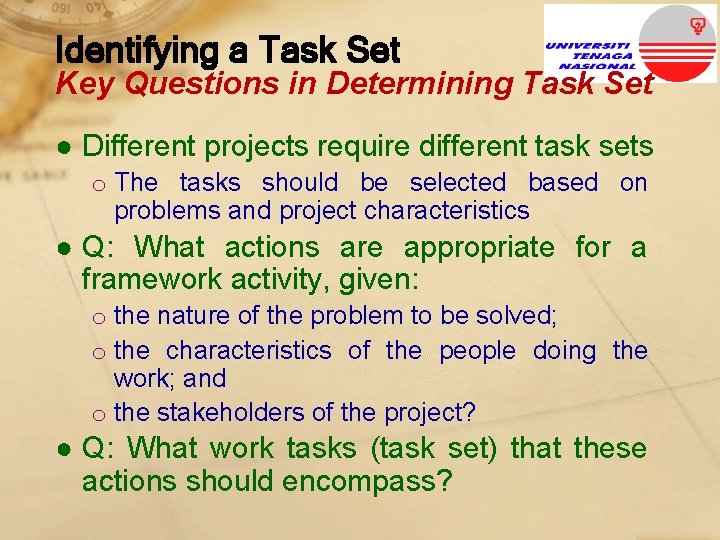 Identifying a Task Set Key Questions in Determining Task Set ● Different projects require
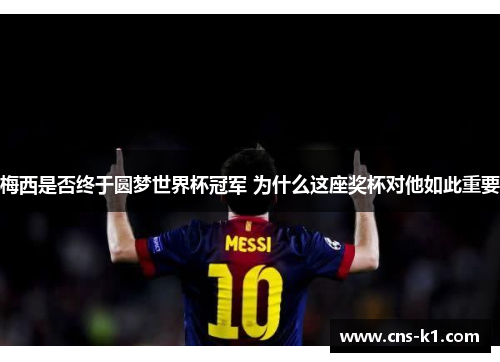 梅西是否终于圆梦世界杯冠军 为什么这座奖杯对他如此重要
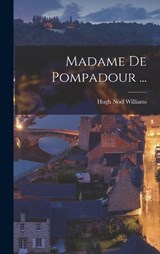 Madame de Pompadour ... [microform] - Hugh Noel Williams - 9781018300450
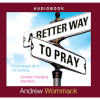 321A A Better Way to Pray Audio Book - CD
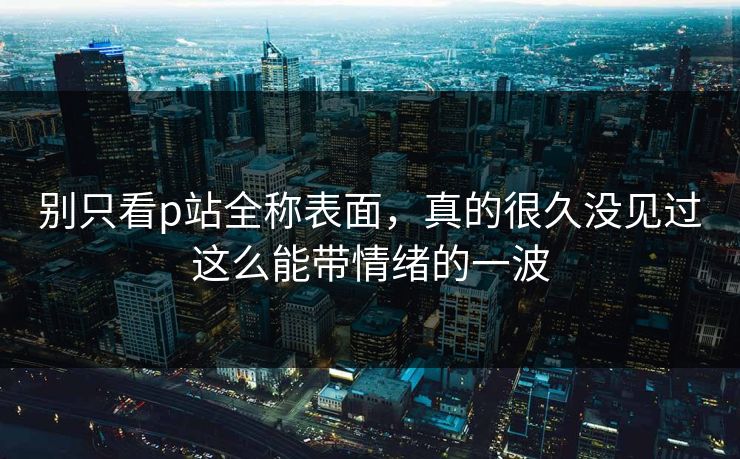 别只看p站全称表面,真的很久没见过这么能带情绪的一波-第1张图片-p站搬运工影视库 - p站助手短剧集 别只看p站全称表面,真的很久没见过这么能带情绪的一波-第1张图片-p站搬运工影视库 - p站助手短剧集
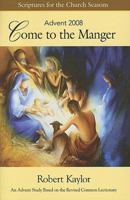 Come to the Manger Student Book: Scriptures for the Church Seasons: Advent 2008 (Scriptures for the Church Seasons) 0687647118 Book Cover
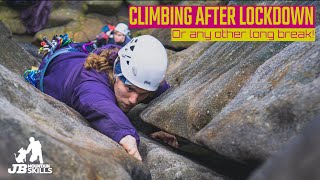 Some Tips For Climbing Again After Lockdown, Or Any Other Long Break!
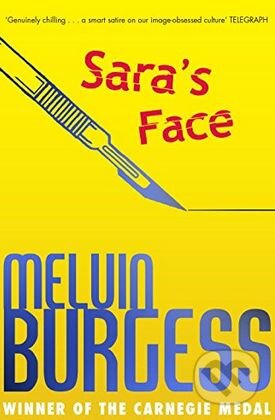 Sara&#039;s Face - Melvin Burgess, Andersen, 2017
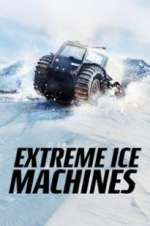 Watch Extreme Ice Machines FMoviesFree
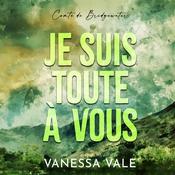 Je suis toute à vous by  Vanessa Vale audiobook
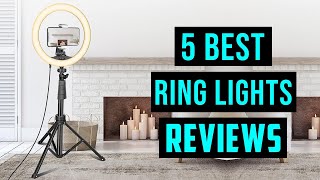 Best Ring Lights 2023  Top 5 Best Ring Lights 2024  Reviews [upl. by Gloriana]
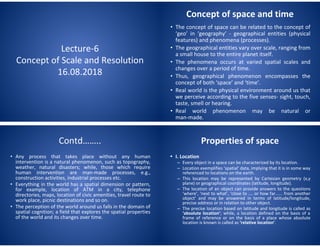 Lecture-6
Concept of Scale and Resolution
16.08.2018
Concept of space and time
• The concept of space can be related to the concept of
‘geo’ in ‘geography’ - geographical entities (physical
features) and phenomena (processes).
• The geographical entities vary over scale, ranging from
a small house to the entire planet itself.
• The phenomena occurs at varied spatial scales and
changes over a period of time.
• Thus, geographical phenomenon encompasses the
concept of both ‘space’ and ‘time’.
• Real world is the physical environment around us that
we perceive according to the five senses- sight, touch,
taste, smell or hearing.
• Real world phenomenon may be natural or
man-made.
Contd……..
• Any process that takes place without any human
intervention is a natural phenomenon, such as topography,
weather, natural disasters; while, those which require
human intervention are man-made processes, e.g.,
construction activities, industrial processes etc.
• Everything in the world has a spatial dimension or pattern,
for example, location of ATM in a city, telephone
directories, maps, location of civic amenities, travel route to
work place, picnic destinations and so on.
• The perception of the world around us falls in the domain of
spatial cognition; a field that explores the spatial properties
of the world and its changes over time.
Properties of space
• I. Location
– Every object in a space can be characterized by its location.
– Location exemplifies ‘spatial’ data, implying that it is in some way
referenced to locations on the earth.
– This location may be represented by Cartesian geometry (x,y
plane) or geographical coordinates (latitude, longitude).
– The location of an object can provide answers to the questions
‘where’, ‘next to what’, ‘close to .... or how far...... from another
object’ and may be answered in terms of latitude/longitude,
precise address or in relation to other object.
– The precise location based on latitude and longitude is called as
‘absolute location’; while, a location defined on the basis of a
frame of reference or on the basis of a place whose absolute
location is known is called as ‘relative location’.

------------------------------------------------------------------------

:: WHAT THE TASK ASKS ::
Send back exactly the lines of the listing above starting at the one with "features) and phenomena (processes)." and ending at the one with "human intervention are", inclusive, and no others.

:: ANSWER SPACE ::
features) and phenomena (processes).
• The geographical entities vary over scale, ranging from
a small house to the entire planet itself.
• The phenomena occurs at varied spatial scales and
changes over a period of time.
• Thus, geographical phenomenon encompasses the
concept of both ‘space’ and ‘time’.
• Real world is the physical environment around us that
we perceive according to the five senses- sight, touch,
taste, smell or hearing.
• Real world phenomenon may be natural or
man-made.
Contd……..
• Any process that takes place without any human
intervention is a natural phenomenon, such as topography,
weather, natural disasters; while, those which require
human intervention are man-made processes, e.g.,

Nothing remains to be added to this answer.